- **Task requirements**:
From the material below, set down exactly the lines that run from the one containing "Moderne 5.5-Zimmer-Attikawohnung mit" to the one containing "Футболка женская спортивная", minus the pictures.

Source data section start

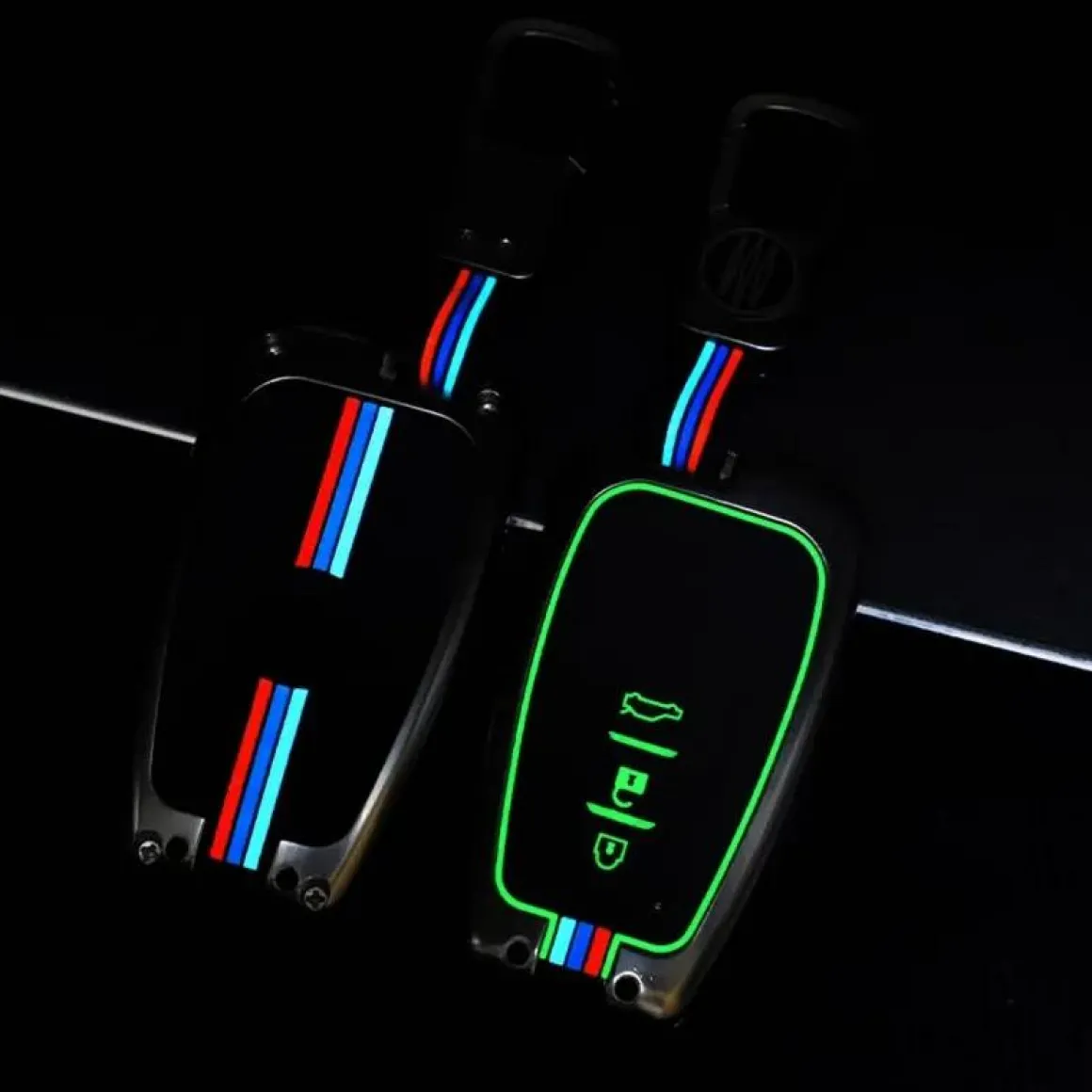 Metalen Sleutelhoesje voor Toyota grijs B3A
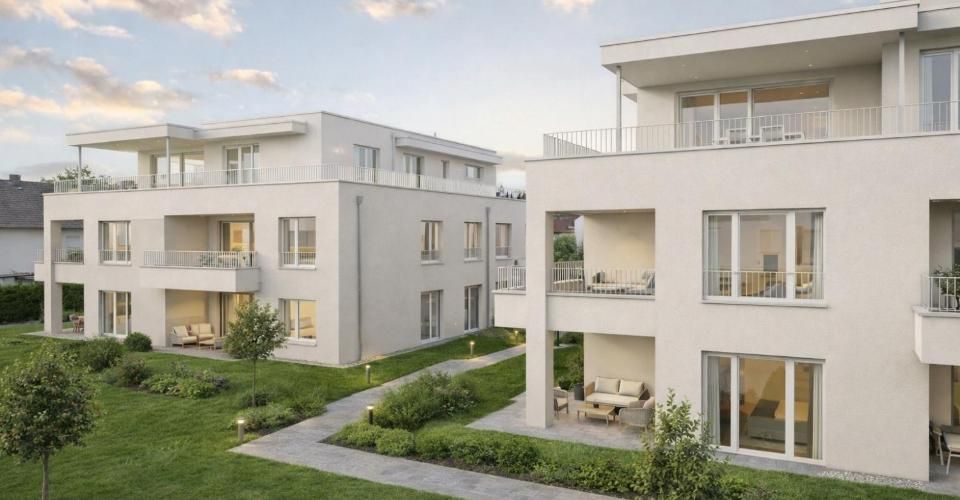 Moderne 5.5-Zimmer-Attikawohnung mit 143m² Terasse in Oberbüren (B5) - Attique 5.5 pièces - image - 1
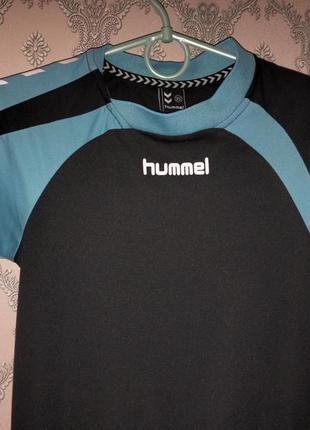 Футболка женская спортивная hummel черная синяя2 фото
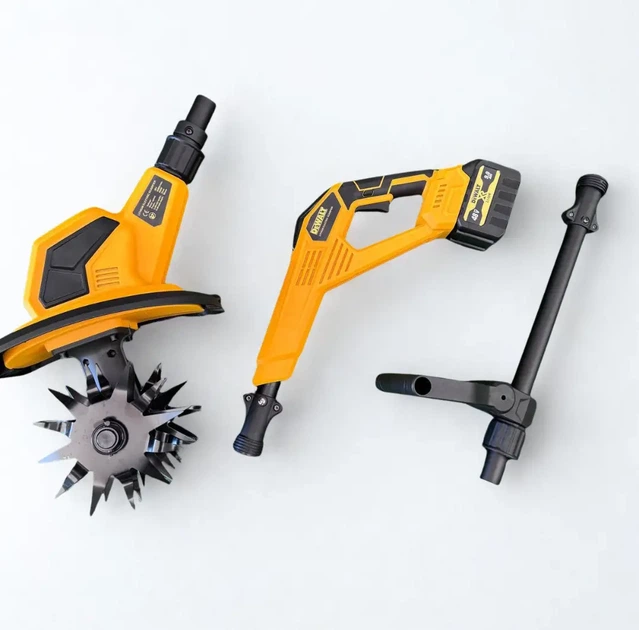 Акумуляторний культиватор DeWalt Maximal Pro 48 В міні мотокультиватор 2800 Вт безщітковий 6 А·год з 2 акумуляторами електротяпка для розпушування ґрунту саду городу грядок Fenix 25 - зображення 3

Source data section end

- **Task result**:
 Moderne 5.5-Zimmer-Attikawohnung mit 143m² Terasse in Oberbüren (B5) - Attique 5.5 pièces - image - 1
 Футболка женская спортивная hummel черная синяя2 фото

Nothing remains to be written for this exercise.